Before minimally invasive surgery is introduced into the treatment of malignant diseases across the board, it should be ensured that the oncological principles - just as in open surgery - are consistently observed. This requires extensive training, not only for the surgeon, but also for the surgical team; The consistent implementation of multimodal oncological treatment concepts and meaningful quality assurance are also included.

To improve the freedom of movement of the instruments during laparoscopic operations, a telemanipulator system (DaVinvi, Intuitive Surgical) was developed a few years ago. It allows the surgeon to operate on the patient from a console. The advantages of the system are the enormous mobility of the instruments, the high-resolution three-dimensional view, the ergonomic position of the surgeon and the intuitive operation. Many different laparoscopic interventions have already been performed with this system in different centers around the world. In comparison with normal laparoscopy, however, there were no measurable advantages for the patient. However, it has been proven that the surgeon can learn complex laparoscopic interventions faster with the system. In the United States and Germany, the system is used very successfully to remove the prostate in malignant tumors. In addition to the high costs involved, there seems to be room for improvement in many ways.

The future lies in lighter, more flexible and more cost-effective systems that support the surgeon with real computer assistance. The display of important anatomical structures and landmarks in the operating field ("Augmented Reality") is intended to improve orientation and bring greater security. An additional navigation of the instruments could calculate the ideal surgical route in advance and be controlled by the system during the operation.

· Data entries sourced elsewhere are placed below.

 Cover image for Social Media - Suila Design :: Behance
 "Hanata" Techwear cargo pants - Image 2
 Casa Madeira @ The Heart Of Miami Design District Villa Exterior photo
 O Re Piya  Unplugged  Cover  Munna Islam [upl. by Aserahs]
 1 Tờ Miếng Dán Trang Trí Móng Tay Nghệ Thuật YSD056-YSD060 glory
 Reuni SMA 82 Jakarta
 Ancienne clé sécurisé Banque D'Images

The latest development in endoscopic surgery is "Natural Orifice Transluminal Endoscopic Surgery", or NOTES for short. The aim of this so far experimental procedure is to forego skin incisions and to use only natural openings for access to the body. To do this, it is necessary to perforate the stomach, intestines or vagina in order to reach the target organ in the free abdominal cavity with a mostly flexible endoscope. Access via the vagina in combination with normal laparoscopy (hybrid technology) already appears to be practicable. In the case of the stomach and intestines, many technical questions that have to be asked of NOTES have not yet been adequately solved. There is still considerable development work to be done before such operations can be performed laparoscopically.

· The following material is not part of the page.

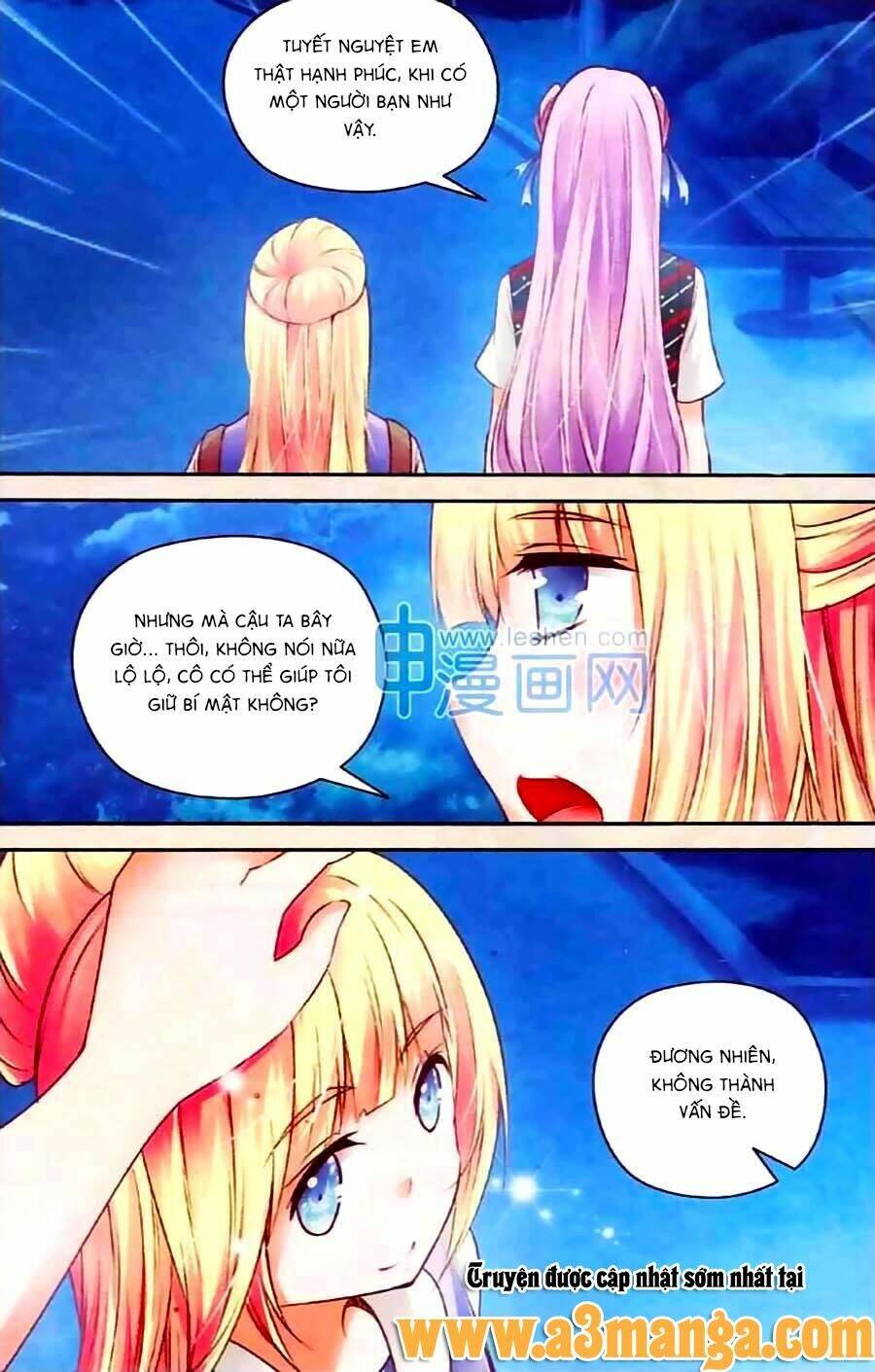 học viên bộ lạc chapter 17 21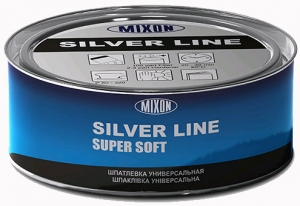 Купити Шпаклівка універсальна MIXON SILVER LINE SUPER SOFT, 1,7 кг - Vait.ua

Prof. Dr. Carsten Gutt is the first senior physician and head of the "Minimally Invasive Surgery" section at the Heidelberg University Surgical Clinic. As the main applicant and scientific secretary of the DFG-funded graduate school "Intelligent Surgery", he is involved in the development of innovative surgical procedures. At the University Clinic in Frankfurt (1993 to 2001) he carried out the first robot-assisted surgery in the abdominal cavity in Germany.